Exato! Sabe, adoro tocar com Les Paul, mas acho estranho usá-la no palco. Não representa quem eu sou. Já essa Ibanez é uma guitarra icônica e me faz sentir confortável.

Estou enganado ou você dedica uma atenção especial aos amps?

Amps são muito importantes, mas não tenho regras – exceto que devem soar bem. Na maioria das vezes, usei os valvulados, mas, a certa altura, provavelmente uns dez anos atrás, eu usava um solid-state que era bacana. Hoje, conto com os alemães Engl, que são ótimos e têm aquele som clássico. Foram projetados para mim. Soam da formo como gosto.

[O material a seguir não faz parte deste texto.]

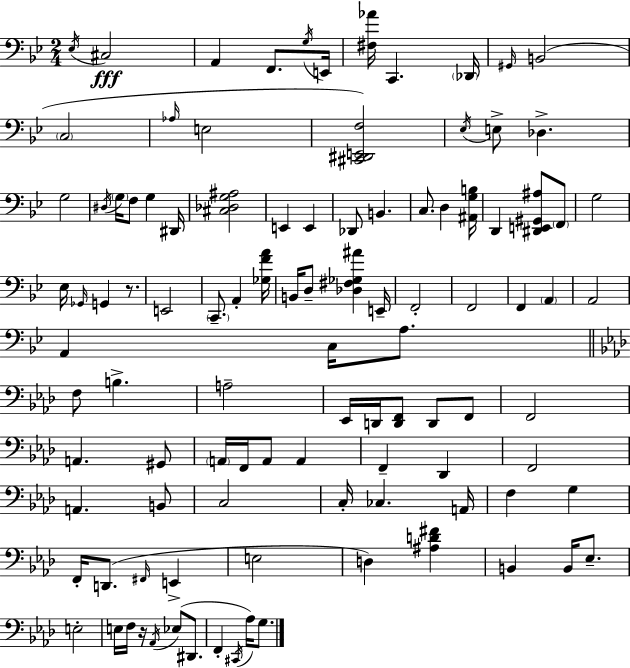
Eb3/s C#3/h A2/q F2/e. G3/s E2/s [F#3,Ab4]/s C2/q. Db2/s G#2/s B2/h C3/h Ab3/s E3/h [C#2,D#2,E2,F3]/h Eb3/s E3/e Db3/q. G3/h D#3/s G3/s F3/e G3/q D#2/s [C#3,Db3,G3,A#3]/h E2/q E2/q Db2/e B2/q. C3/e. D3/q [A#2,G3,B3]/s D2/q [D#2,E2,G#2,A#3]/e F2/e G3/h Eb3/s Gb2/s G2/q R/e. E2/h C2/e. A2/q [Gb3,F4,A4]/s B2/s D3/e [Db3,F#3,Gb3,A#4]/q E2/s F2/h F2/h F2/q A2/q A2/h A2/q C3/s A3/e. F3/e B3/q. A3/h Eb2/s D2/s [D2,F2]/e D2/e F2/e F2/h A2/q. G#2/e A2/s F2/s A2/e A2/q F2/q Db2/q F2/h A2/q. B2/e C3/h C3/s CES3/q. A2/s F3/q G3/q F2/s D2/e. F#2/s E2/q E3/h D3/q [A#3,D4,F#4]/q B2/q B2/s Eb3/e. E3/h E3/s F3/s R/s Ab2/s Eb3/e D#2/e. F2/q C#2/s Ab3/s G3/e.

Todo bom amplificador e toda boa guitarra são baseados nos grandes modelos. Para o tipo de música que fazemos, os amps são mais ou menos inspirados nos Marshall Plexi. Também há aqueles espelhados nos Fender Dual Showman, Fender Twin Reverb... O mesmo vale para as guitarras, que são baseadas em Stratocaster, Les Paul, SG, Flying V... Quando se tenta reinventar a roda fica ridículo. Você vê por aí guitarras que parecem saídas do Star Trek, com um visual boboca.

É meio como aquela coisa: apesar de existir vários tipos de moda, mais cedo ou mais tarde, você voltará para a sua calça jeans!

Quanto a sua pintura afeta a sua música, e vice-versa?

[Pensativo] Não sei! Não sei se afeta. Acredito que quanto mais canais tivermos para aprimorar a nossa criatividade, mais maneiras encontramos para nos definir e melhorar o que somos. Talvez, de alguma forma, ambas se influenciem e colaborem entre si, já que você se conhece mais quando faz coisas como teatro, ópera, pintura... Tudo isso é ótimo! De repente, essas coisas se cruzam de alguma maneira.

Sim, porque compor ou arranjar uma música não deixa de ser quase como escolher as cores e os pincéis que usará numa tela.

Exato! Sabe, a beleza da arte – música ou qualquer outro tipo de arte – é que se trata de algo que não existe, que não dá para ser tocado, e, então, você o cria, do nada. Isso é incrível! Torna aquilo real.

Você acha que o fato de as rádios em geral terem perdido o poder e a influência que tinham prejudicou o rock, de certa maneira?

Acho que algo que é grande sempre irá sobreviver e prosperar. Não dá para interromper o que é ótimo. Você não conseguiria brecar o Kiss quando surgimos. Naquela época, a música nos Estados Unidos era basicamente de violões, e nós viemos com tudo! Então, ninguém, nem as rádios, conseguirá fazer com que as pessoas deixem de mergulhar naquilo que gostam. Talvez as coisas fiquem mais difíceis, mas quem deve vencer irá vencer porque não desiste.

Sim, mas me pergunto quais serão os clássicos desta atual geração daqui a 20 anos.

Não sei! A última grande banda a pintar na cena foi o Foo Fighters, e isso aconteceu há 20 anos! Mas alguém irá surgir, é sempre assim.

O que pensa e sente um rockstar bem-sucedido de 63 anos?

O rock and roll evoluiu a ponto de se tornar não mais uma música somente de adolescentes, como era no começo. Tornou-se uma música de liberdade, de celebração à vida. Não se trata de idade. Trata-se de um estilo de vida, de uma maneira de olhar o mundo. Ninguém controla isso! Há adolescentes que são velhos e há pessoas mais velhas que são jovens. O rock and roll é a música deles. A grande coisa sobre isso é que você começa a escrever suas próprias canções e leva os fãs por uma viagem que dura enquanto o que estiver sendo cantando se mantiver conectado com o público. Então, ter 63 anos e ainda fazer rock and roll me parece totalmente certo. Essa é a música da autoafirmação, do dizer “posso ser quem eu quiser e fazer o que quiser”, e isso nunca muda!